[Excerpts from a dataset]
══════

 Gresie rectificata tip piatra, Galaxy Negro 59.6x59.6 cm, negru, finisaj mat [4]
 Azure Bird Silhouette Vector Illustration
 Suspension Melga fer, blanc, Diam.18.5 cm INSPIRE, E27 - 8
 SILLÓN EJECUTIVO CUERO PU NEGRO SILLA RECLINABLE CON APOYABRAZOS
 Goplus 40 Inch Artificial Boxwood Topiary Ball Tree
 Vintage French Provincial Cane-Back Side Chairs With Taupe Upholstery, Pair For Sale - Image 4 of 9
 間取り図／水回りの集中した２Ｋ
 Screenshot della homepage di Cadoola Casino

══════

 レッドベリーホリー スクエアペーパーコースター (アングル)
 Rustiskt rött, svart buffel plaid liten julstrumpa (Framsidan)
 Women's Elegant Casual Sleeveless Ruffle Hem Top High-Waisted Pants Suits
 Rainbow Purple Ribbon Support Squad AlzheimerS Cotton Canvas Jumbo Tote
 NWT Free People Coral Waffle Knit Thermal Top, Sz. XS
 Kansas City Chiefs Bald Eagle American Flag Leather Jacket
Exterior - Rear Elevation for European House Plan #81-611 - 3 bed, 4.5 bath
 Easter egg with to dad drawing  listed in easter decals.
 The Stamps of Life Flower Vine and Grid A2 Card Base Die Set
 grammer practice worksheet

══════

» TASK BRIEF
Copy out the lines above exactly, beginning at the one that contains "Gresie rectificata tip" and ending at the one that contains "SILLÓN EJECUTIVO CUERO".

» OUTPUT BELOW
 Gresie rectificata tip piatra, Galaxy Negro 59.6x59.6 cm, negru, finisaj mat [4]
 Azure Bird Silhouette Vector Illustration
 Suspension Melga fer, blanc, Diam.18.5 cm INSPIRE, E27 - 8
 SILLÓN EJECUTIVO CUERO PU NEGRO SILLA RECLINABLE CON APOYABRAZOS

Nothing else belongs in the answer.